In a series of tweets on October 21, NASA Associate Administrator of the Human Exploration and Operations Mission Directorate, Kathy Lueders revealed that the agency planned to use the launch of the joint NASA-ESA Sentinel-6 Michael Freilich climate satellite on November 10 to validate that the Falcon 9 was safe for crewed flight. Lueders added that the agency would require a few days following the mission to review data from the flight before making a decision.

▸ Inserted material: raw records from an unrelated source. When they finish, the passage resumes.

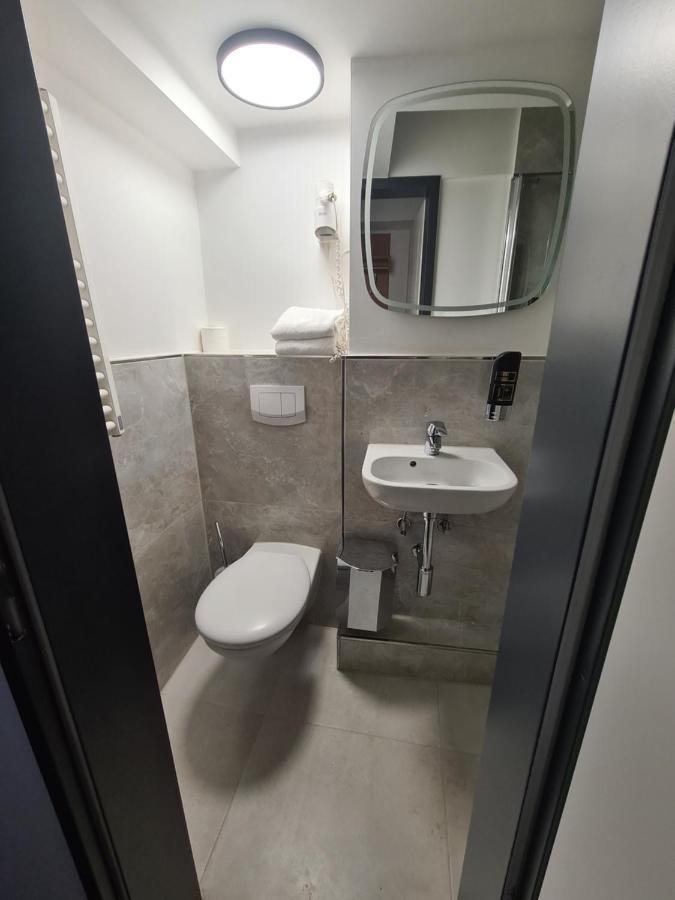 Altan Hotel Hamburg Dış mekan fotoğraf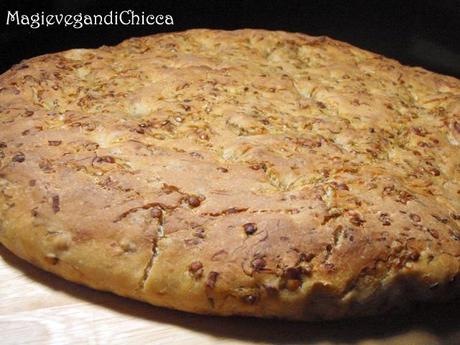 Focaccia con farina di quinoa e germogli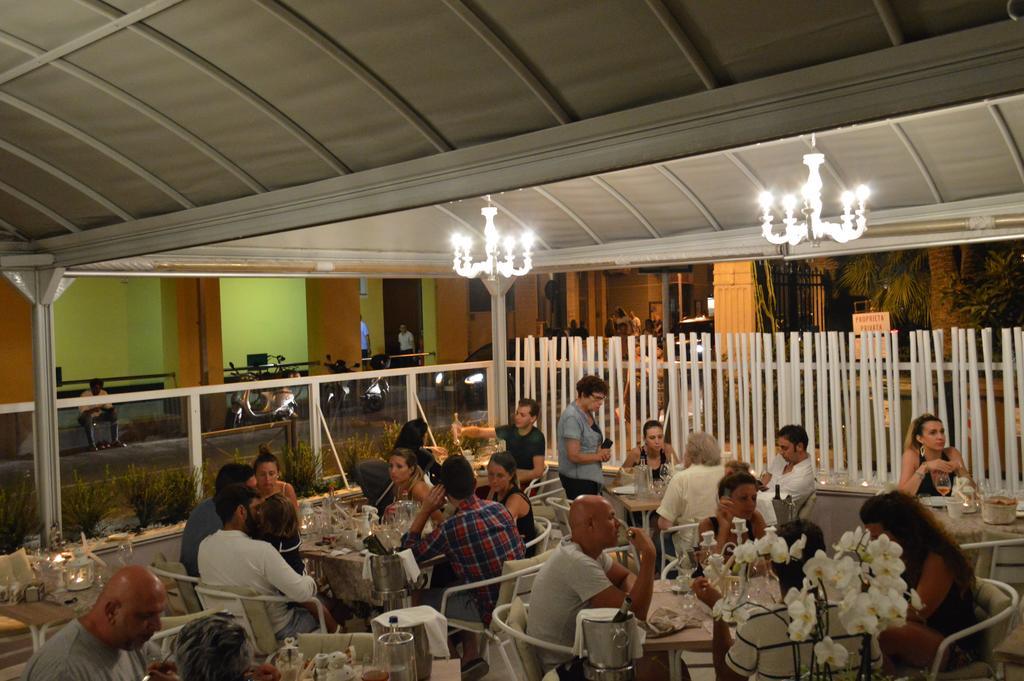 Hotel Continental Pietra Ligure Luaran gambar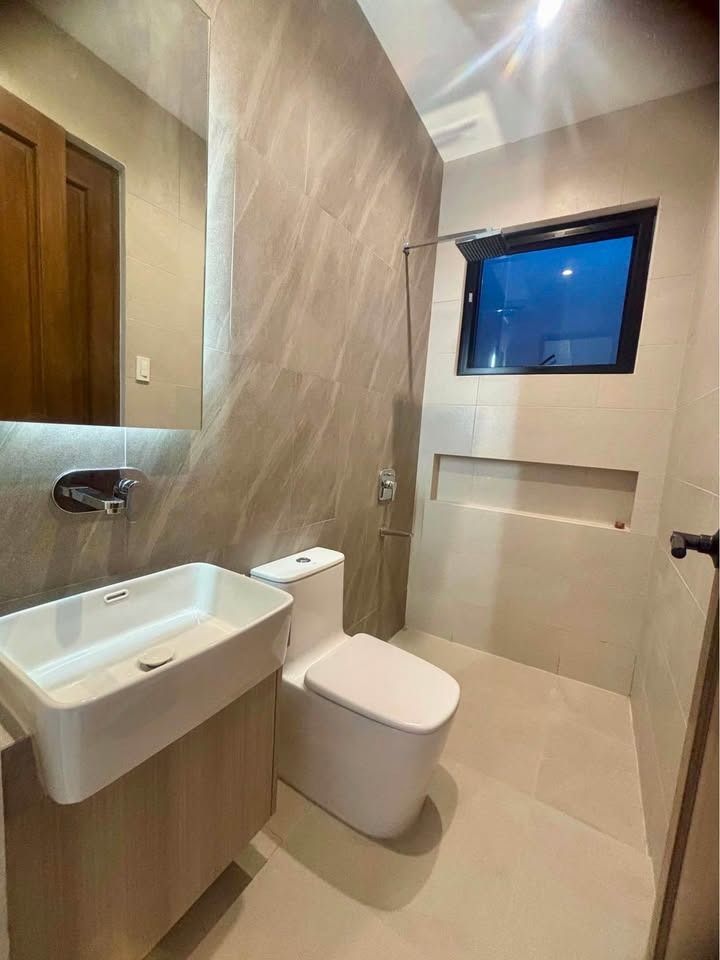 Timeless Elegance in BF Paranaque (Category: House & Lot) located in Manila. Submitted by mariaelena.npacunayen (Listing ID 1445344084, Image 2). Description: Lot Area 204 sqm Floor Area 320 sqm Experience a home where timeless design meets exceptional craftsmanship. Located in the prestigious BF Paranaque executive area, this residence showcases refined architectural details and thoroughly curated finishes that define luxury living. The home fea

Despite the decision on the Falcon 9 rocket’s suitability for crewed flight still pending, NASA announced in a statement on October 26 that the agency was targeting a November 14 launch date for the SpaceX Crew-1 mission.
In addition to announcing the revised launch date, NASA invited media representatives to an October 28 teleconference during which the agency would discuss the results of recent Falcon 9 Merlin engine testing. The statement, however, also again reiterated that the agency would conduct a thorough review of the performance of the Falcon 9 during the Sentinel-6 flight before giving the green light for the launch of the Crew-1 mission.
Crew-1 is expected to carry NASA astronauts Michael Hopkins, Victor Glover, and Shannon Walker, and mission specialist Soichi Noguchi of JAXA. The four crewmembers will rendezvous with the International Space Station and join the Expedition 64 crew of Sergey Ryzhikov and Sergey Kud-Sverchkov of Roscosmos and NASA astronaut Kate Rubins.